(Data entries)
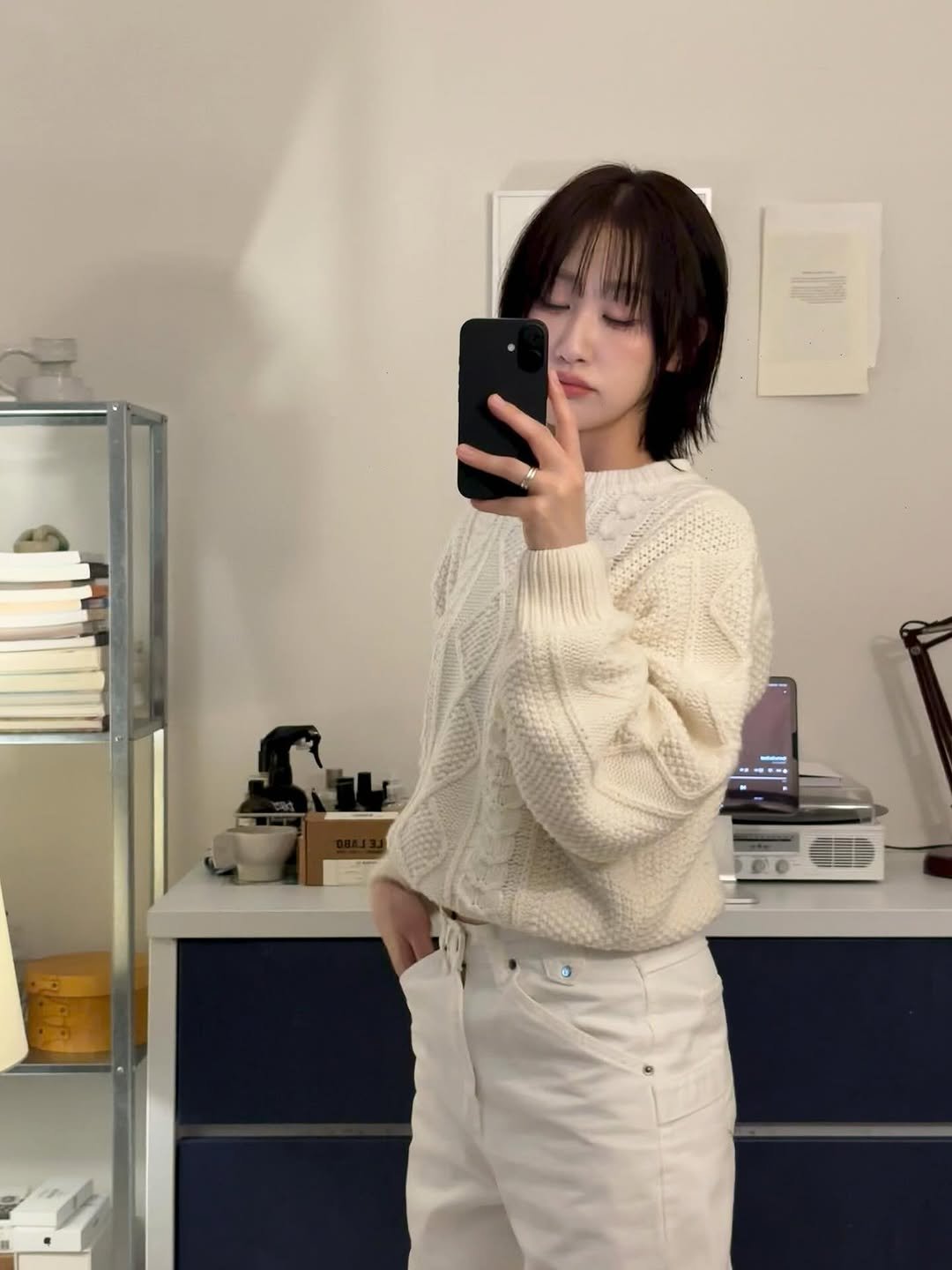 Photo by 은혜 on November 16, 2025. May be an image of one or more people, bangs, sweater, top, turtleneck, cardigan and text.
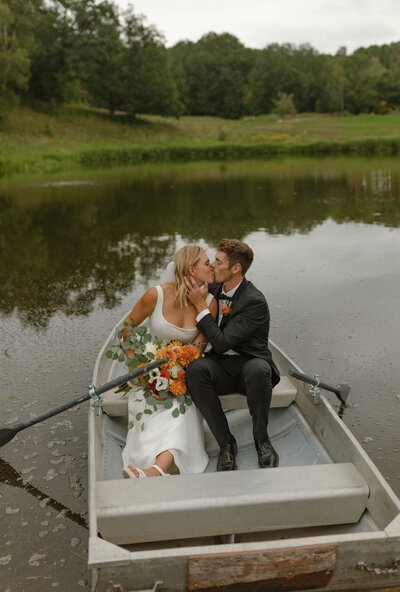Married couple on their wedding day taking photos in the fall in a private backyard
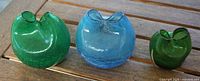 front view of three crackle glass vases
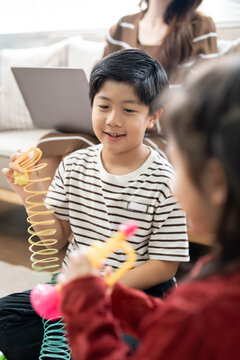 Asian boy playing with slinky toy cheerfully with his sister and working mother in background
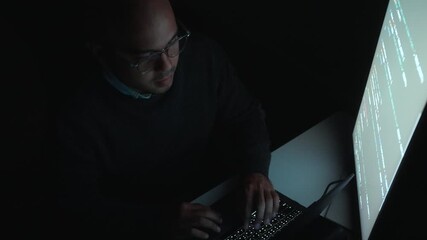 Male programmer works late at night with green code reflecting on his lenses, focusing on software development, coding, and cybersecurity analysis in dark room. 
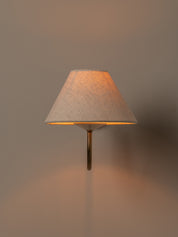 A modern wall-mounted sconce with a textured beige fabric drum shade and a slim brass metal stem, illuminated with a warm orange glow against a neutral beige wall.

#### Exercise brief:
Your copy must match the records above word for word and contain no pictures.

#### Task solution:
 Photo by 은혜 on November 16, 2025. May be an image of one or more people, bangs, sweater, top, turtleneck, cardigan and text.
Married couple on their wedding day taking photos in the fall in a private backyard
 front view of three crackle glass vases
 Asian boy playing with slinky toy cheerfully with his sister and working mother in background
 Male programmer works late at night with green code reflecting on his lenses, focusing on software development, coding, and cybersecurity analysis in dark room. 
 A modern wall-mounted sconce with a textured beige fabric drum shade and a slim brass metal stem, illuminated with a warm orange glow against a neutral beige wall.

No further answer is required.